[Description of the task]:
Once you find the line with "A beach with" in the listing below, set down exactly every line from it through the line with "Celebrating a 50th", but no pictures.

- Opening Delimiter -

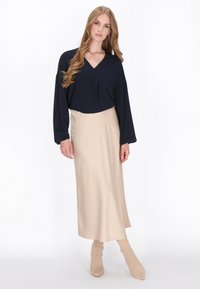 Mørkeblå bluse med V-hals og plisseringer, parret med en beige, ankellang, glat nederdel, suppleret af matchende figursyede beige støvler.
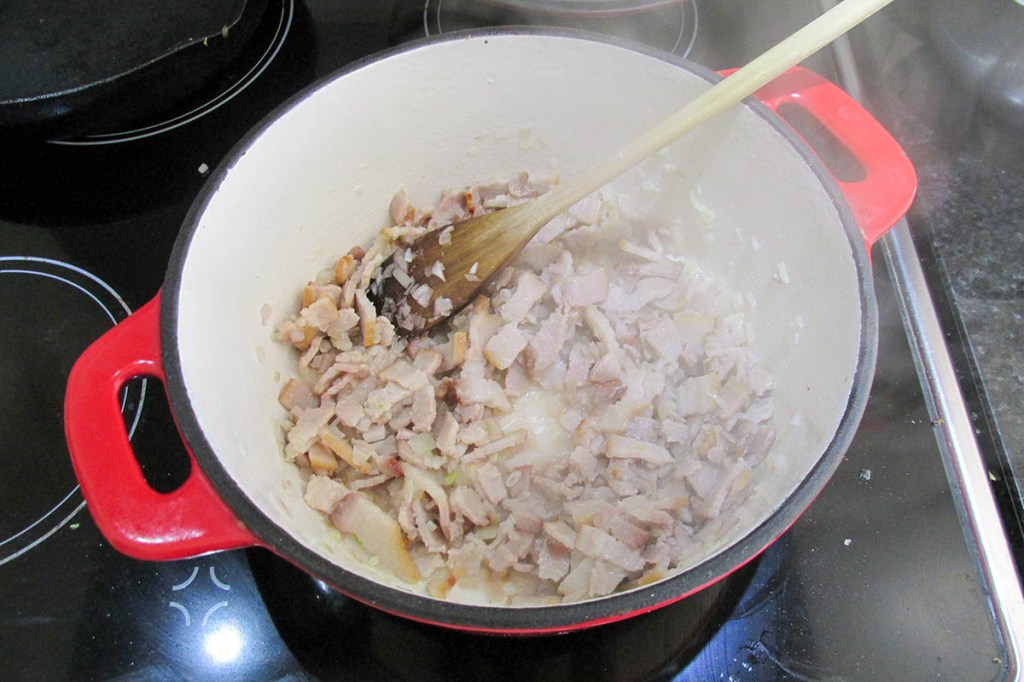 Sauté until the shallots start to colour.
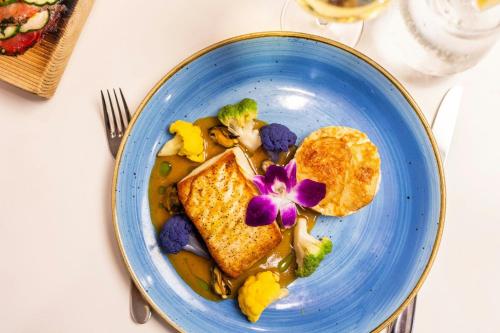 a blue plate of food with toast and vegetables at Delta Hotels by Marriott Prince Edward in Charlottetown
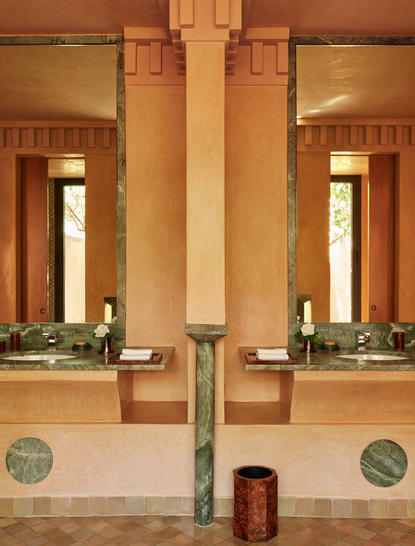 Symmetrical pavilion bathroom at Amanjena with twin mirrors, terracotta columns, and warm stone walls.
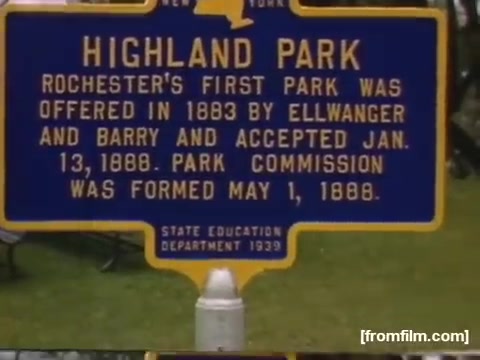 The still features a blue historical marker indicating 'Highland Park' in Rochester, New York. It provides details about the park's establishment, mentioning its creation in 1883 by Ellwanger and Barry, with the Park Commission forming on May 1, 1888. The sign emphasizes the park's significance as Rochester's first park. The date on the sign notes it was established in 1939.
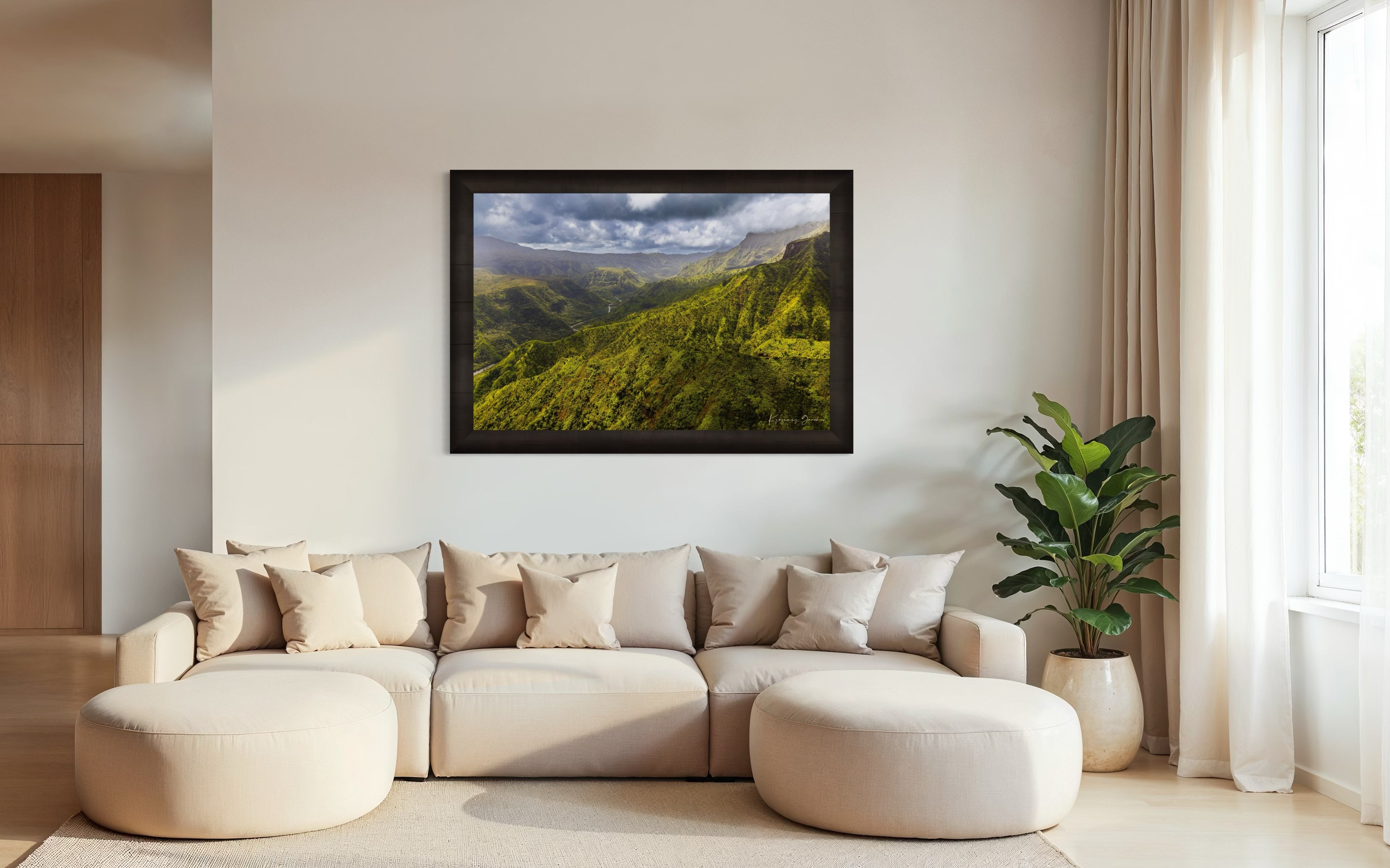 Expansive aerial view of a mountainous valley in Kauai illuminated by daylight, covered in low-lying cloud. #Finish_Roma Dark Ash Frame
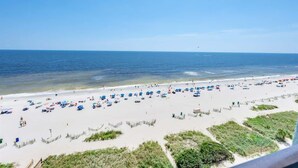 A beach with numerous umbrellas and people. - Amazing  Beachfront Views, Decorated and Renovated (Myrtle Beach)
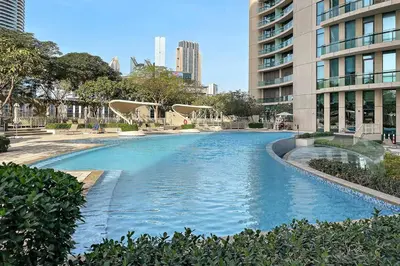 a large swimming pool in a city with buildings at Luxury 2BR Burj View with Pool Walk to Mall & Metro Dining Shopping in Dubai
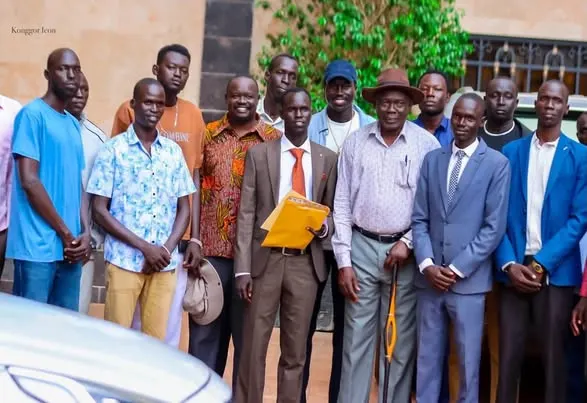 Musician Deng Lok poses with Tonj community leaders during the handover ceremony of a vehicle in Juba. Photo: Courtesy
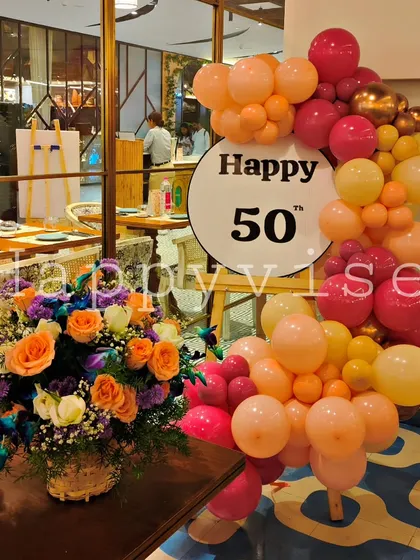 Celebrating a 50th birthday in style. This setup combines a vibrant balloon garland in sunset colors with a large, fresh floral arrangement, showing how I can create sophisticated and classy decor for important milestone events.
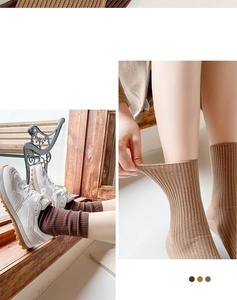 Detailed view of high-elasticity ribbed knit crew socks in deep brown and earthy tones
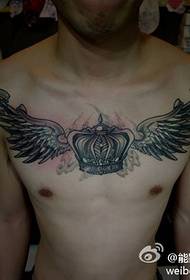 handsome cool crown and wings tattoo pattern on the man's chest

- Closing Delimiter -

[Response to this exercise]:
 A beach with numerous umbrellas and people. - Amazing  Beachfront Views, Decorated and Renovated (Myrtle Beach)
 a large swimming pool in a city with buildings at Luxury 2BR Burj View with Pool Walk to Mall & Metro Dining Shopping in Dubai
 Musician Deng Lok poses with Tonj community leaders during the handover ceremony of a vehicle in Juba. Photo: Courtesy
 Celebrating a 50th birthday in style. This setup combines a vibrant balloon garland in sunset colors with a large, fresh floral arrangement, showing how I can create sophisticated and classy decor for important milestone events.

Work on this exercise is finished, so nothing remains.